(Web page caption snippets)
════

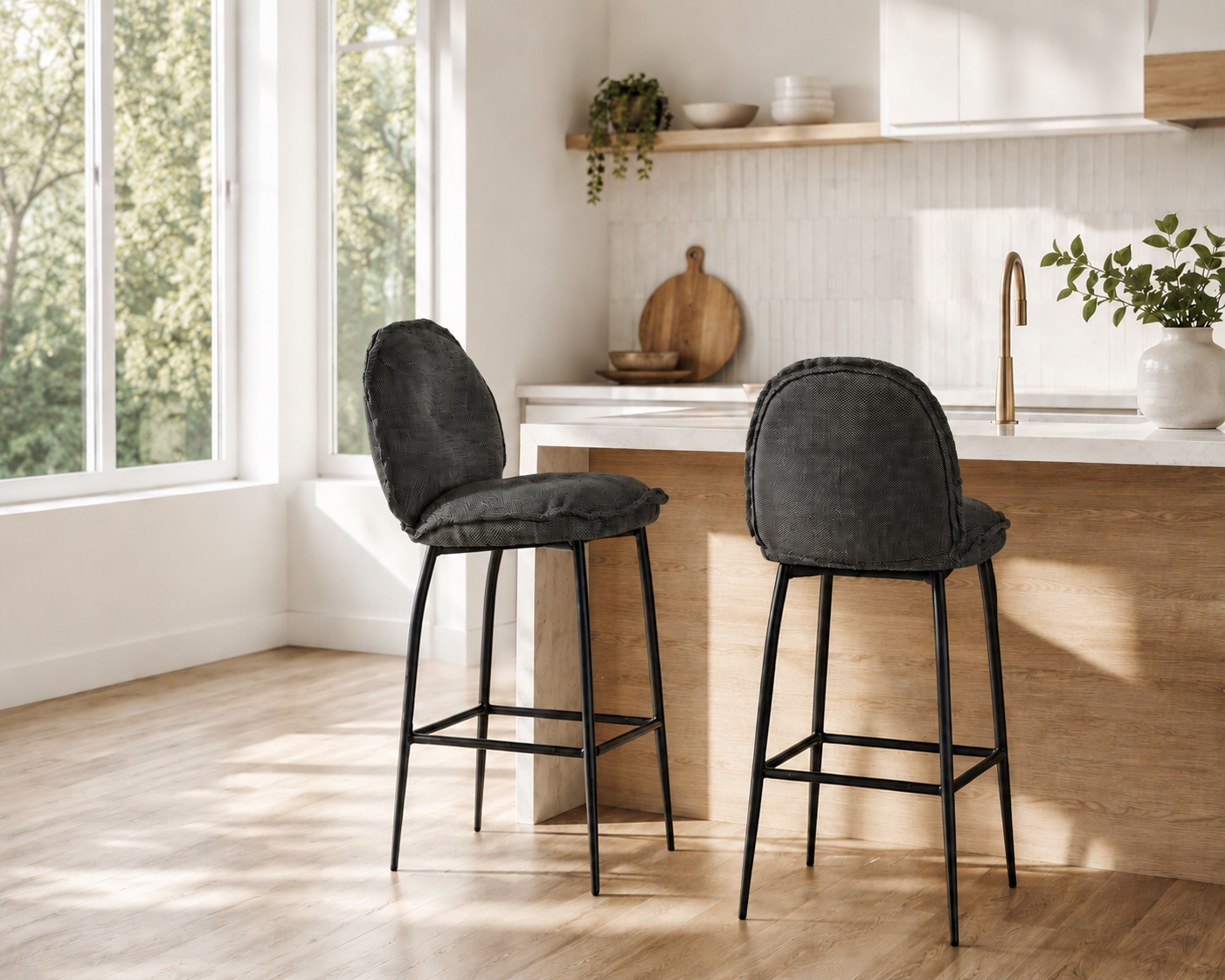 Two dark gray bar stools in a kitchen setting with natural light.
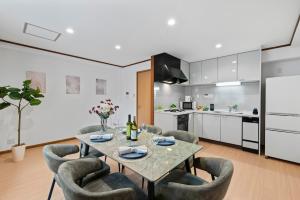 a kitchen and dining room with a table and chairs at Crystal Jade Awaza2-4F in Wada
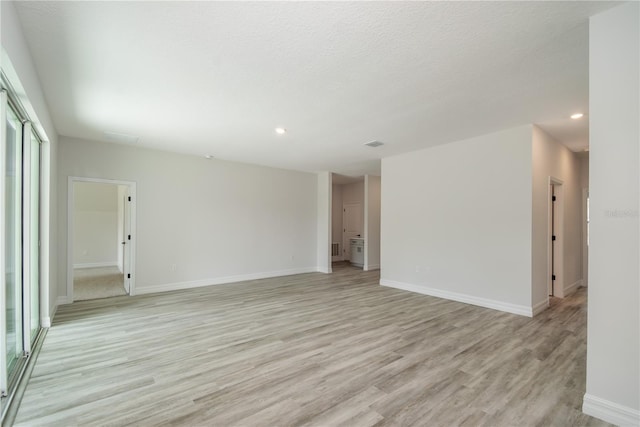 unfurnished room featuring recessed lighting, light wood-style flooring, and baseboards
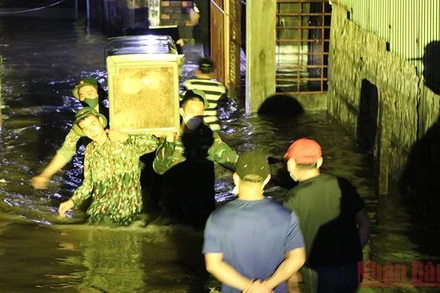 Cán bộ chiến sĩ Bộ chỉ huy Quân sự tỉnh Phú Yên giúp người dân có nhà bị triều cường gây ngập đến nơi an toàn.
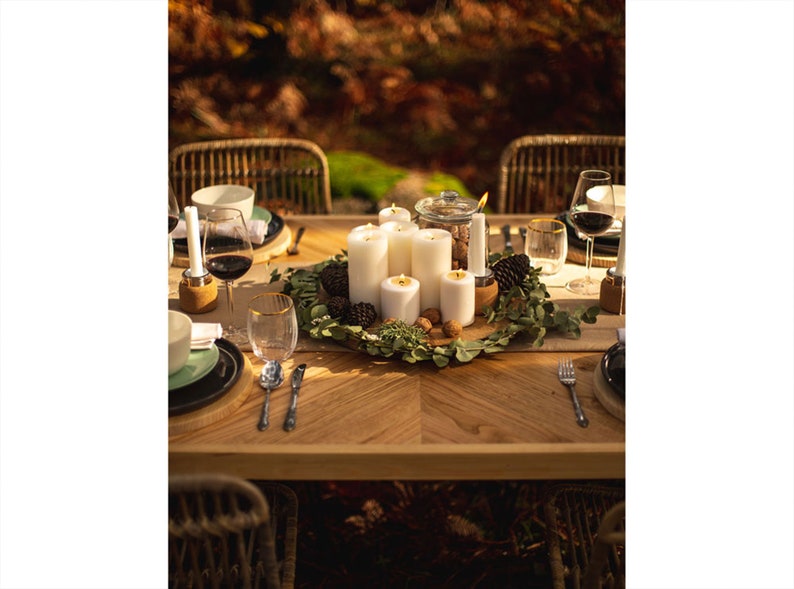 May include: A beautifully set wooden table with a centerpiece of white candles, greenery, pine cones, and walnuts. Wine glasses, plates, and silverware are arranged for a dinner setting. The scene is bathed in warm, natural light, suggesting an outdoor gathering.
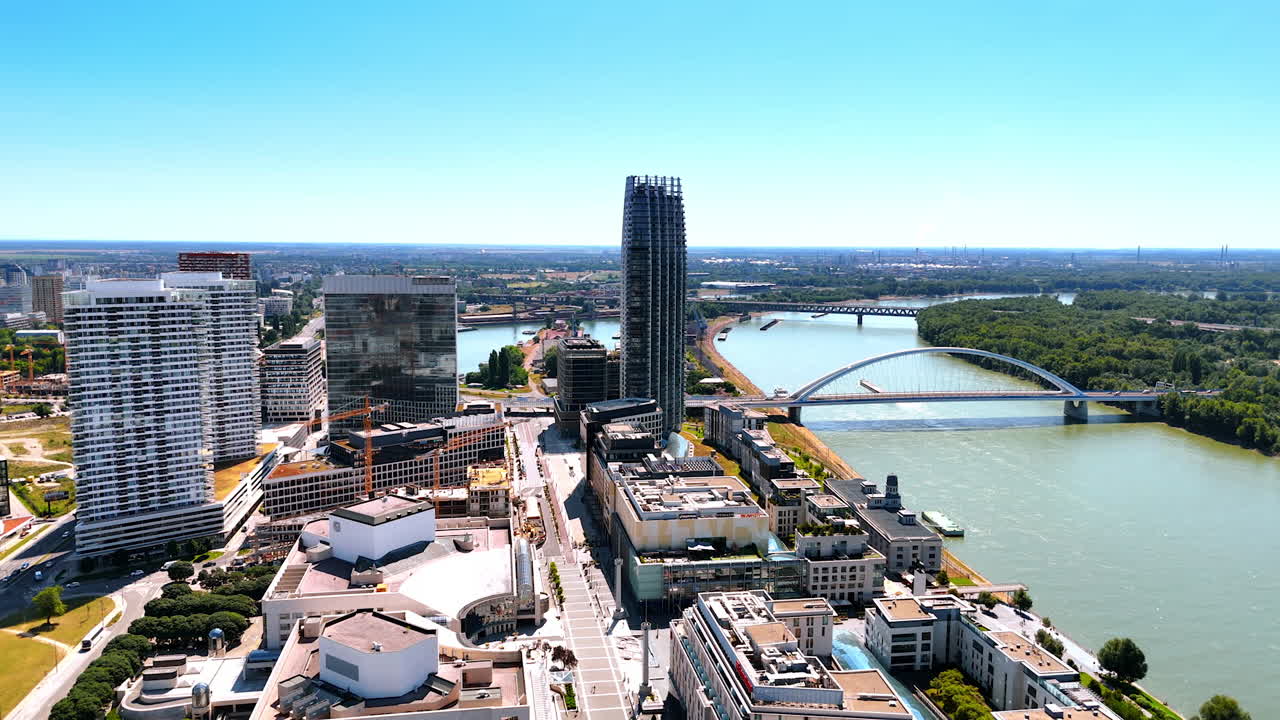 View on the beautiful Danube River crossed by two bridges. Panorama of stunning Bratislava, Slovakia from aerial perspective.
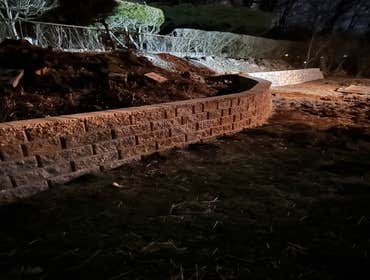 Photos by Lms Construction and Remodeling Retaining Wall Remove existing retaining wall destroyed by fallen tree
Regrade hillside
Regrade lawn
Rebuild 
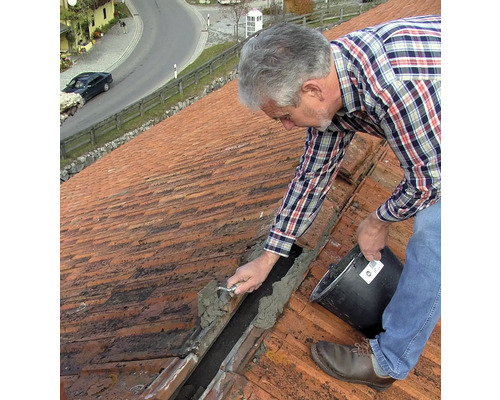 Handwerker repariert ein Ziegeldach mit Mörtel und einer Kelle.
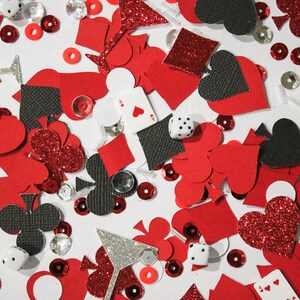 May include: A scattered assortment of red, black, and silver confetti pieces. The confetti includes hearts, diamonds, clubs, and spades, along with dice, playing cards, and martini glass shapes. Some pieces have glitter accents.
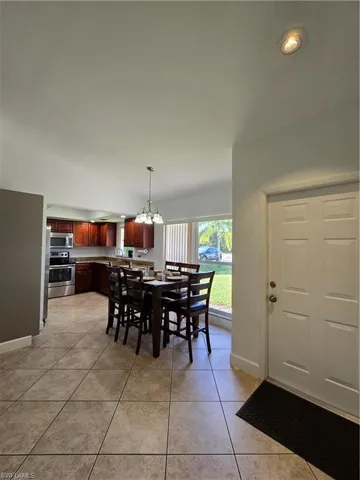 Tiled dining space featuring sink and an inviting chandelier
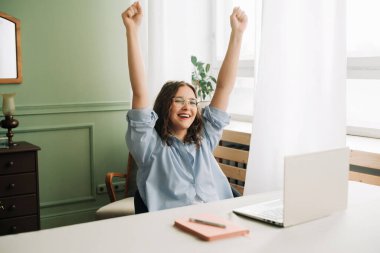 Başarılı genç bir kadın bilgisayarını uzaktan çalışmak ya da çalışmak için kullanırken başarıyı kutluyor. Hedefe ulaşmayı kutluyoruz, çevrimiçi kazanıyoruz, e-posta ile iyi haberler alıyoruz, eller havaya, mutlu hissediyoruz.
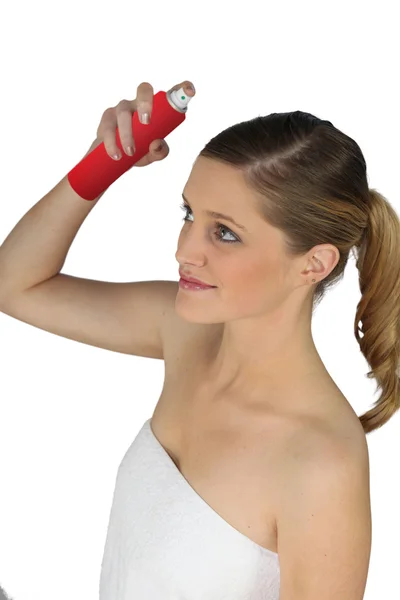 Mulher jovem usando spray de cabelo — Fotografia de Stock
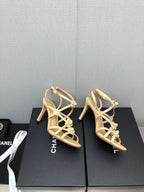 CHANEL FLORAL HIGH HEEL SANDAL IN SAND YELLOW LAMBSKIN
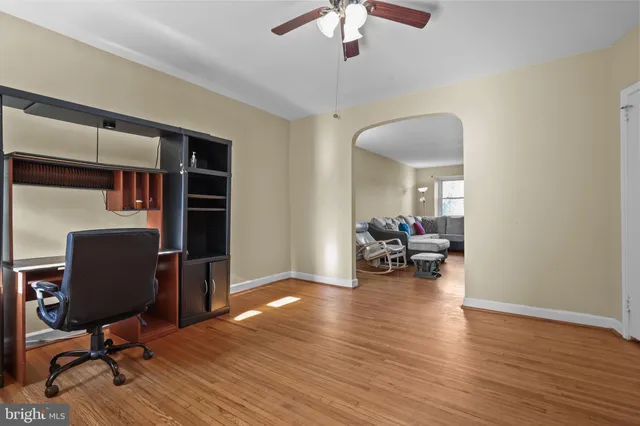 a view of a livingroom with workspace and a couch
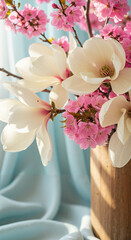 Fresh blooming magnolia and cherry blossoms in wooden vase  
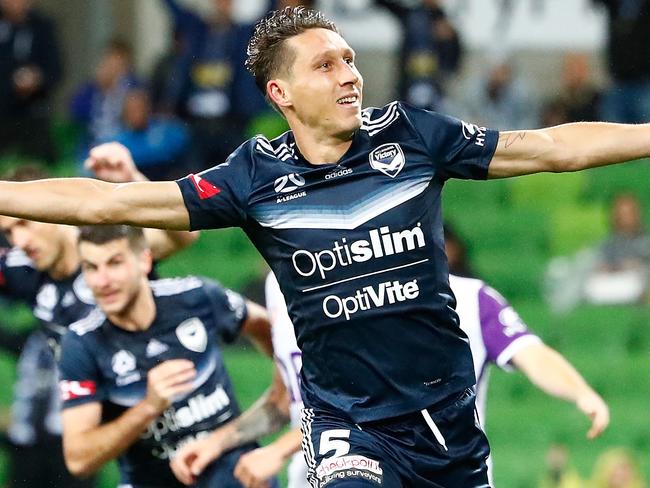 MELBOURNE, AUSTRALIA - JANUARY 13:  Mark Milligan of the Victory celebrates  after scoring his sides second goal during the round 16 A-League match between the Melbourne Victory and Perth Glory at AAMI Park on January 13, 2018 in Melbourne, Australia.  (Photo by Scott Barbour/Getty Images)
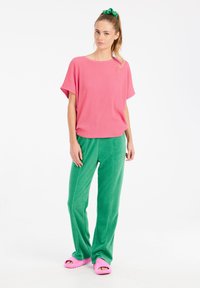 Top corto rosa a righe con maniche corte, pantaloni verdi morbidi e testurizzati, e sandali a scivolo rosa. Design semplice e casual con vestibilità rilassata e colori vivaci.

════

Give back the data exactly, with no images.

#### Response:
 Two dark gray bar stools in a kitchen setting with natural light.
 a kitchen and dining room with a table and chairs at Crystal Jade Awaza2-4F in Wada
 unfurnished room featuring recessed lighting, light wood-style flooring, and baseboards
 Cán bộ chiến sĩ Bộ chỉ huy Quân sự tỉnh Phú Yên giúp người dân có nhà bị triều cường gây ngập đến nơi an toàn.
 May include: A beautifully set wooden table with a centerpiece of white candles, greenery, pine cones, and walnuts. Wine glasses, plates, and silverware are arranged for a dinner setting. The scene is bathed in warm, natural light, suggesting an outdoor gathering.
 View on the beautiful Danube River crossed by two bridges. Panorama of stunning Bratislava, Slovakia from aerial perspective.
 Photos by Lms Construction and Remodeling Retaining Wall Remove existing retaining wall destroyed by fallen tree
Regrade hillside
Regrade lawn
Rebuild 
 Handwerker repariert ein Ziegeldach mit Mörtel und einer Kelle.
 May include: A scattered assortment of red, black, and silver confetti pieces. The confetti includes hearts, diamonds, clubs, and spades, along with dice, playing cards, and martini glass shapes. Some pieces have glitter accents.
 Tiled dining space featuring sink and an inviting chandelier
 Başarılı genç bir kadın bilgisayarını uzaktan çalışmak ya da çalışmak için kullanırken başarıyı kutluyor. Hedefe ulaşmayı kutluyoruz, çevrimiçi kazanıyoruz, e-posta ile iyi haberler alıyoruz, eller havaya, mutlu hissediyoruz.
 Mulher jovem usando spray de cabelo — Fotografia de Stock
 CHANEL FLORAL HIGH HEEL SANDAL IN SAND YELLOW LAMBSKIN
 a view of a livingroom with workspace and a couch
 Fresh blooming magnolia and cherry blossoms in wooden vase  
 MELBOURNE, AUSTRALIA - JANUARY 13:  Mark Milligan of the Victory celebrates  after scoring his sides second goal during the round 16 A-League match between the Melbourne Victory and Perth Glory at AAMI Park on January 13, 2018 in Melbourne, Australia.  (Photo by Scott Barbour/Getty Images)
 Top corto rosa a righe con maniche corte, pantaloni verdi morbidi e testurizzati, e sandali a scivolo rosa. Design semplice e casual con vestibilità rilassata e colori vivaci.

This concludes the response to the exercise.